> **EXERCISE**: Only the lines from the line that contains "Sourwood Tree in" through the final line of the entries below belong in your answer, copied exactly and without pictures.

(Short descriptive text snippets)
=== Begin Enclosure ===

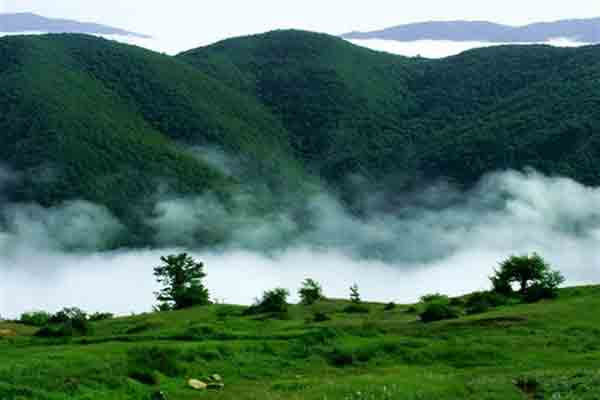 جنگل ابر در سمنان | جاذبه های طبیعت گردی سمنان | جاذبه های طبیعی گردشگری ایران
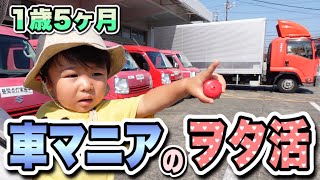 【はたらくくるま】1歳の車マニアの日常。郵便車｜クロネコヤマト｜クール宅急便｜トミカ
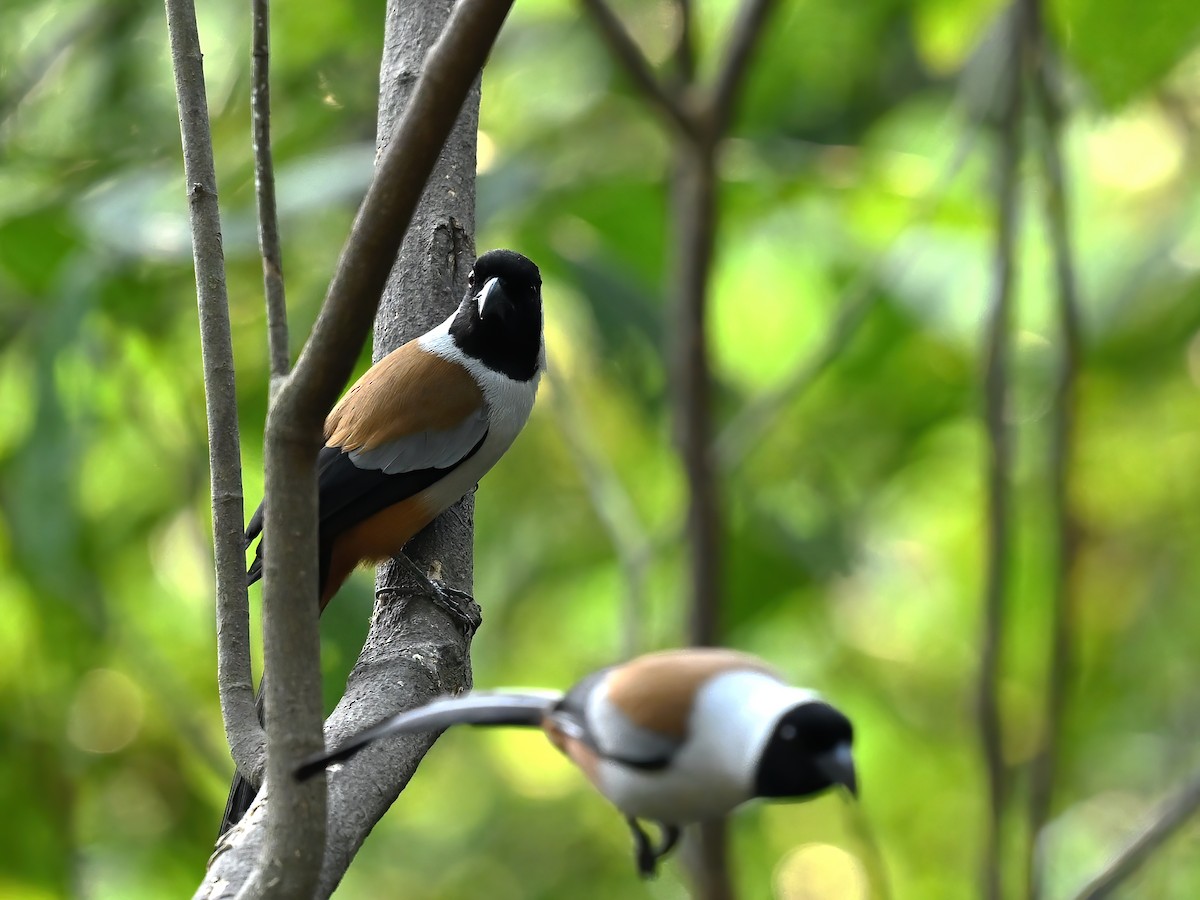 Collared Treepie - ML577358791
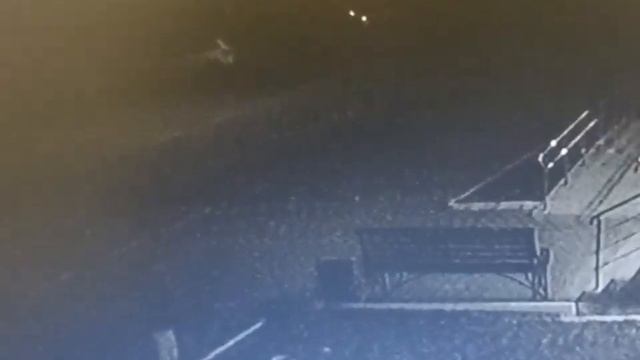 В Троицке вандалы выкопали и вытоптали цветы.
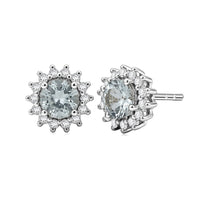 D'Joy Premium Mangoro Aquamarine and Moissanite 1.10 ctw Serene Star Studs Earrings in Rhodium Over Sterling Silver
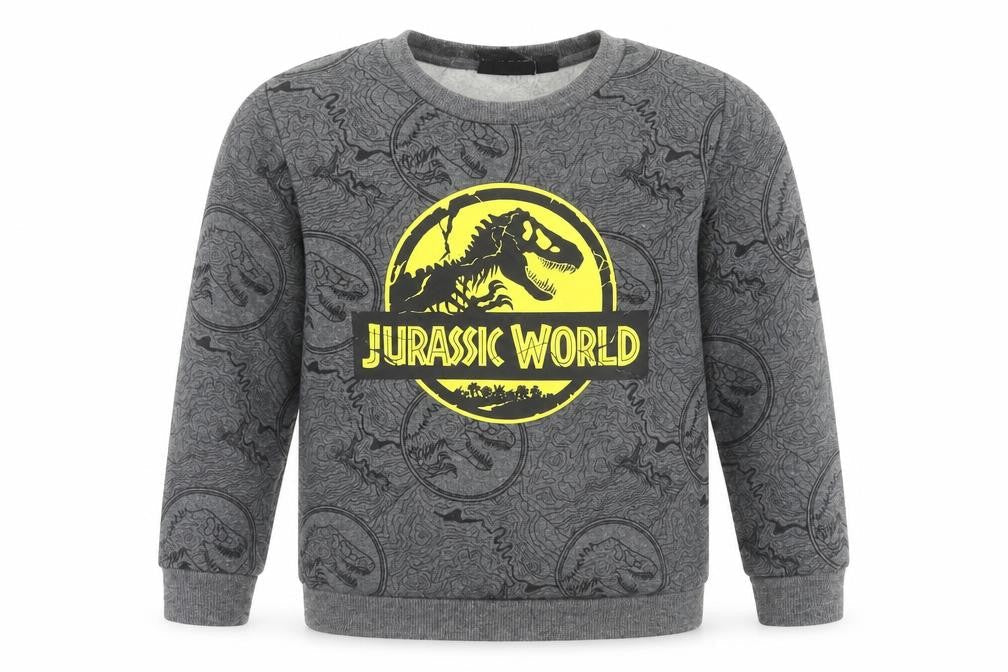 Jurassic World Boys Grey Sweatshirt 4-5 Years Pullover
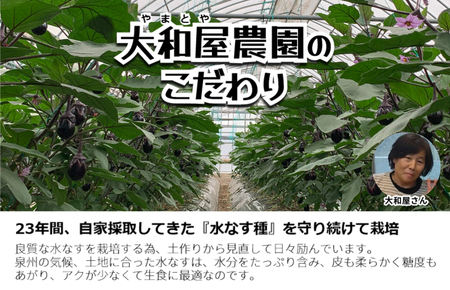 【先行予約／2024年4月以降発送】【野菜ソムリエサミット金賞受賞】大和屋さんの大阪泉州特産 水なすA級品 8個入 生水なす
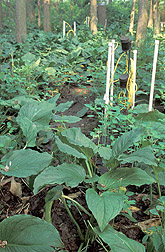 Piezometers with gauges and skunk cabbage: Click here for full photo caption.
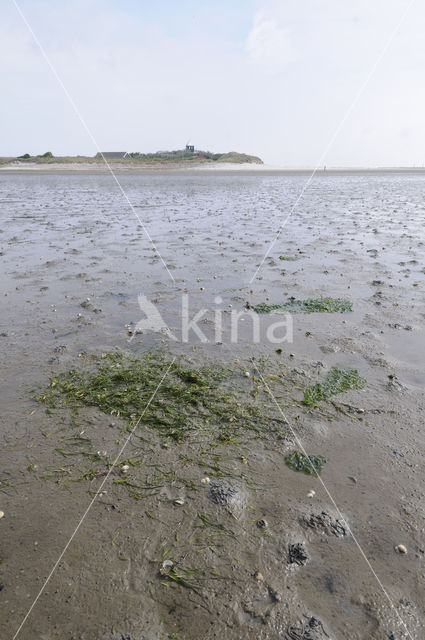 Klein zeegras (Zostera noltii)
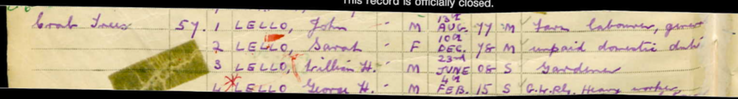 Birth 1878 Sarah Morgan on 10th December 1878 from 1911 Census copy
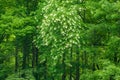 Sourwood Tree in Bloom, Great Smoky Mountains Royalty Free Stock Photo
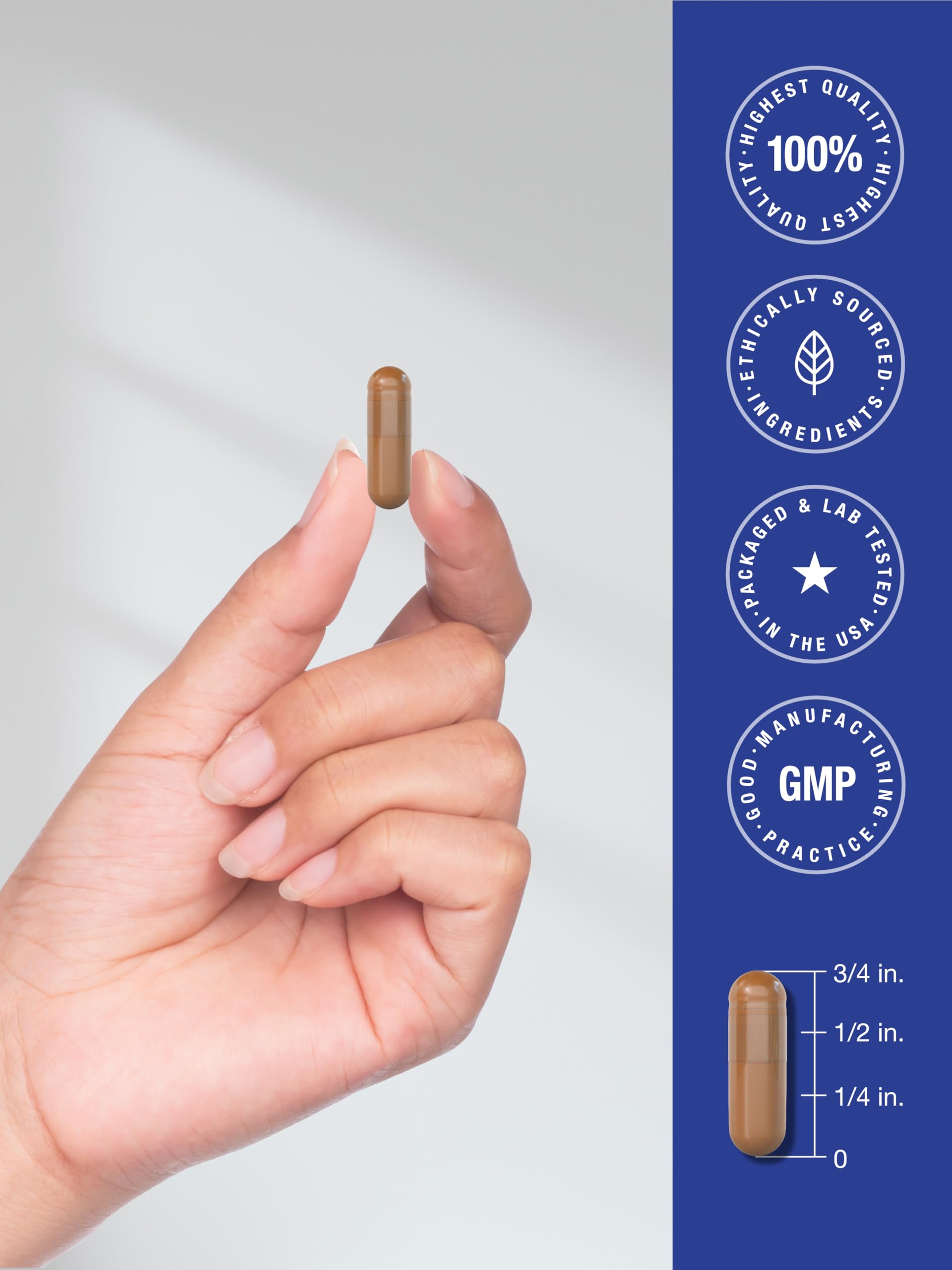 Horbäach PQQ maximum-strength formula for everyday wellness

=== End Enclosure ===

> **SOLUTION FOR THIS EXERCISE**:
 Sourwood Tree in Bloom, Great Smoky Mountains Royalty Free Stock Photo
 Horbäach PQQ maximum-strength formula for everyday wellness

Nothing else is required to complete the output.